Secondo Stephens, le misure radicali del libero mercato prescritte da Milton Friedman e dai suoi ignobili Chicago Boys al dittatore cileno Augusto Pinochet, sono il motivo per cui il Cile è una nazione prosperosa che dispone “di un codice edilizio fra i più rigorosi del mondo”.
C’è un problema di fondo con questa teoria. Il moderno codice edilizio sismico del Cile, pensato per resistere ai terremoti, fu adottato nel 1972. La data è di grande importanza, poiché siamo ad un anno dalla presa di potere di Pinochet con il sanguinoso colpo di stato spalleggiato dagli Stati Uniti.
Se quindi c’è qualcuno a cui va attribuito il merito di quella legge non è Friedman nè Pinochet, ma Salvador Allende, il presidente socialista cileno eletto democraticamente (anche se di certo bisogna ringraziare molti cileni, poiché le leggi riflettevano una storia piena di terremoti, con le prime disposizioni antisismiche che risalgono agli anni ’30). È quindi significativo che la legge sia stata promulgata proprio nel mezzo di un pesante embargo economico (“Che fallisca l’economia!” grugnì Richard Nixon, si racconta, quando Allende vinse le elezioni del 1970).

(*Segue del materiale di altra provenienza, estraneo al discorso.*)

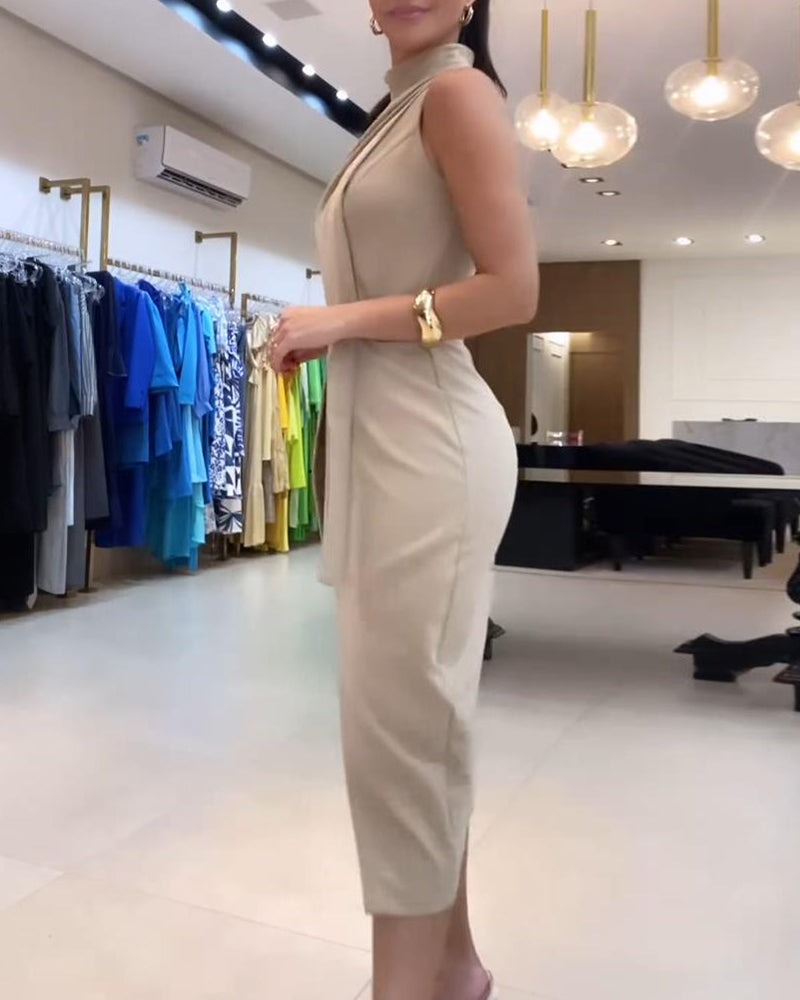 HIGH COLLAR SOLID COLOR SLEEVELESS SLIT DRESS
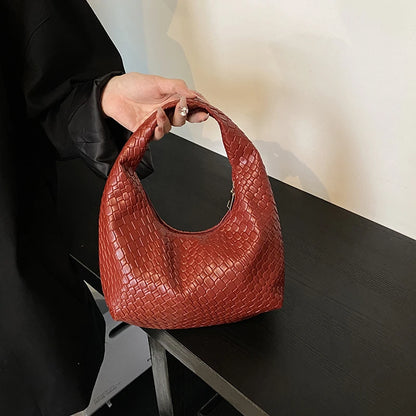 CLASSIC WOVEN EMBOSSED PU LEATHER HOBO BAG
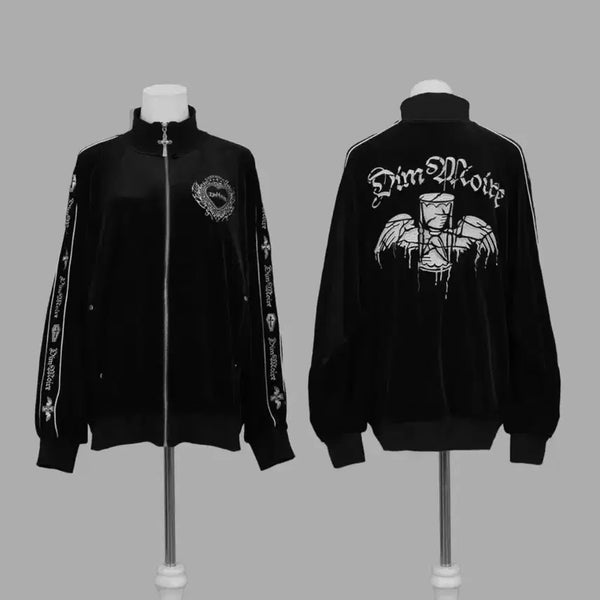 [BUNJANG] DimMoire Velour Velvet Jersey Track Jacket Black / DimMoire 딤모아르 벨루아 벨벳 져지트랙 자켓 블랙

Il codice è poi stato aggiornato negli anni ’90, decisamente dopo che Pinochet e i Chicago Boys ebbero abbandonato il potere lasciando il posto alla democrazia.
Ne sorprenderà il fatto, come ricorda Paul Krugman, che Friedman fosse ambivalente rispetto al codice edilizio, che considerava un ennesima violazione della libertà capitalista. Per quel che riguarda la tesi secondo la quale le misure friedmaniane sono il motivo per cui i cileni “vivono in case di mattoni” e non di “paglia”, dimostra chiaramente come Stephens non sappia nulla del Cile prima del golpe.
Il Cile degli anni 60 aveva il miglior sistema sanitario ed educativo del continente, e disponeva di un effervescente settore industriale, con una classe media in rapida crescita. I cileni credevano nel proprio stato, ed elessero Allende perchè ampliasse ancora quel progetto. Dopo il golpe e la morte di Allende, Pinochet e i suoi Chicago Boys fecero tutto il possibile per smantellare la sfera pubblica cilena, svendendo le imprese dello stato e restringendo le regole finanziarie e commerciali. Si creò una grande ricchezza in quel periodo, ma ad un prezzo terribile. Per l’inizio degli anni ’80 le misure di Pinochet raccomandate da Friedman avevano provocato una rapida de-industrializzazione, moltiplicando per dieci la disoccupazione, e creando una miriade di quartieri di capanne chiaramente instabili. Causarono anche una crisi di corruzione e di debito talmente gravi che nel 1982 Pinochet si vide obbligato a rimandare a casa gli assessori dei Chicago Boys, nazionalizzando le varie istituzioni finanziarie de-regolate (vi ricorda qualcosa?). Per fortuna i Chicago Boys non riuscirono a distruggere tutto quello che aveva costruito Allende. L’industria nazionale del rame rimase nelle mani dello stato, immettendo ricchezza nelle città e nelle casse pubbliche, e impedendo che i Chicago Boys facessero entrare l’economia del Cile in un rapido e totale declino. Né peraltro riuscirono a disfarsi del rigoroso codice edilizio del Cile, una disattenzione ideologica per la quale oggi li possiamo solo ringraziare.